Economics

How Much Does Student Debt Depress Homeownership?

Jan. 17, 2019
2 min read

Total student loan debt in the U.S. recently topped $1.5 trillion, and is negatively impacting homeownership rates for young Americans, according to a forthcoming paper by Federal Reserve economists.

Their study seeks to quantify just how much student debt depresses homeownership rates among adults aged 24 to 32 years old, to add clarity to the tangled relationship between homeownership and student loan debt. Their findings so far show that the student debt growth between 2005 and 2014 accounted for the more than 20 percent of their homeownership rate drop, 9 percent. MarketWatch reports that this translates to roughly 400,000 young adults that were not able to buy a home in 2014 because of rising student loan debt. The paper "adds to the growing body of evidence that student debt does impact the way young adults approach other markers of financial adulthood, such as marriage and retirement," presaging future, national economic ramifications.

“We’re still selling people on the idea that higher education, no matter its cost and no matter the level of debt, is the ticket to a better more stable, more healthy life,” said Julie Margetta Morgan, a fellow at the Roosevelt Institute, a progressive think tank. “For many people, that’s not the case.”

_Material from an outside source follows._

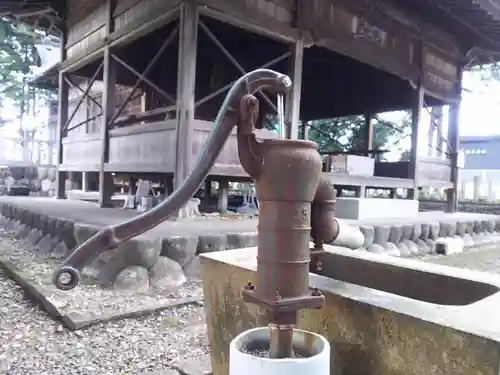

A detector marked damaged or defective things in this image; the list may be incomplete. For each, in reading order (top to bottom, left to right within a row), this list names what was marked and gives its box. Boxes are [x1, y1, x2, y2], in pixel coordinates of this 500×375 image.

The study by Fed economists aims to estimate the effect of student debt on homeownership, assuming the borrower’s education stays the same. For every extra $1,000 in student debt, the homeownership rate among 4-year public college goers in their mid-20s drops by 1.8 percent, the researchers found. That translates to a roughly four month delay in homeownership ... an extra $3,000 in student debt will delay a young adult homebuyer by about a year.